There’s a single item on my Life List that I’m not certain will ever be successfully completed.
Run a marathon.
26.2 miles? That just seems like some crazy shit to try to attempt. I remember last Spring, while running my first ever HALF marathon, at about mile 10 I started questioning my own sanity. More accurately, my mind was screaming, “JEEZUS.H.IS THIS OVER YET?!?!”. Even though my finishing time was not pretty to my self-critical mind, I was proud to have gotten through it. But I highly doubted I’d do another one.
And then January rolled around. I was re-reading my Life List to choose what my 2014 Top Five should be. And there it was. #13. Run a marathon.
It taunted me. But I knew in my heart that this was not the year to attempt it. I was already neck-deep in studying for a professional certification and there were two weddings on the horizon… one of which is my own. The amount of time required to solidly acquire miles on the tread of my beloved Brooks running shoes was simply more than my current life was going to allow. So I decided that no, 2014 wasn’t the year for my marathon. But I could manage a half marathon. Looking back, I’m glad I opted to do so.
My training was much more focused this year on actual running. Which may sound odd, but last year I relied heavily on the efforts of CrossFit more than I did of actual mile accrual. This year? I ran. I did flat trail runs, hilly runs, long/slow runs and pushed myself to do shorter, speedier runs that left me gasping with side stitches. I re-trained my breathing. I set goals for each week and minus one off weekend when I missed an 11-miler, I accomplished them. Mostly.
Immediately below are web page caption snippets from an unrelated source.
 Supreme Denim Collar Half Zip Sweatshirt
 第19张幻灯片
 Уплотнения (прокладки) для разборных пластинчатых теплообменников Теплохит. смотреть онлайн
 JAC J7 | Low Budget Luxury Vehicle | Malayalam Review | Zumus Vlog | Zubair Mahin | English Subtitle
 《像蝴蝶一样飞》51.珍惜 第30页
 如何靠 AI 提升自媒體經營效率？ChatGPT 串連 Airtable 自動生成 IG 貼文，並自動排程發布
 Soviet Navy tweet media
When race morning came around, I was more nervous than I’d ever been before a race. I feared the worst: that I would finish slower than last year. What if I had screwed up by cutting back on heavy weights and high-intensity body
torture movements? How embarrassing it would be if I didn’t even match my time from last year!?!?! The doubts kept hollering. Loudly. I fought my tummy and my bladder, who wanted to revolt against my will as I battled the crush of humanity moving towards our starting corrals.
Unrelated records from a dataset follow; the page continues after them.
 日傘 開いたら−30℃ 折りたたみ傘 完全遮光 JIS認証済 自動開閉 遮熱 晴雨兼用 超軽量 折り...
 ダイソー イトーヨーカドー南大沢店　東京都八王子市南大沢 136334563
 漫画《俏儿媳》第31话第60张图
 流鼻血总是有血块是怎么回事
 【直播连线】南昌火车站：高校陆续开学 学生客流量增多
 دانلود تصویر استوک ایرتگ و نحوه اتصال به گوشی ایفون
It was chilly and I feared my choice of tank and crops wasn’t a smart one, but there was little I could do about it by then. I rubbed my goosebumped arms and started up my race mix on my phone. Double checked for my Sport Beans and adjusted my new headphones in my ears. And then we were off.
The funny thing about races is that they just become a blur in your mind once they are finished. For me they do, anyway. I remember a few specific things about the race itself – the army guy running in full fatigues and boots stands out in my mind. I gave him a fist bump. I remember the awful hills at Piedmont Park and then immediately after on Juniper. I gave them both a double-bird. I remember seeing volunteers handing out oranges with the rind on it and thinking, that slice is bigger than my face and I’d probably inhale half of it into my windpipe if I try to eat it while running. NO, THANK YOU. I remember running past the Atlanta icon, Baton Bob and hollering breathlessly at him/her how fabulous he/she was.
The miles went. I passed some people. More passed me. But I kept going. I knew my pace was pretty good and that I was walking less than I did last year. My body was holding up decently, with only a few pangs in the knee or calf, and when my form started to go in Mile 11 it was expected. I can tell you there is nothing graceful about running once you know you’re reaching your physical limitations. However, this is where the mental toughness kicks in.
You. just. keep. running.
Despite the fact that the marathon leaders are finishing at the same time you are struggling with half that distance, you draw on whatever inspiration you need to draw on. You focus on ANYTHING other than how fucking hard this is. And then you see the finish line.
The mixture of feelings once you cross the finisher mark is varied: satisfaction, RELIEF, euphoria, joy, dizzy, HUNGRY, THIRSTY, and even a tiny bit of sads that it’s over. But the overwhelming feeling is just happy.
Can you see my happy? I did it. Again!
Who knows what my next race goals will be. Perhaps I’ll shoot for getting speedier. Maybe I’ll go for the full marathon next year. Or maybe not. We’ll see where this year and these legs take me.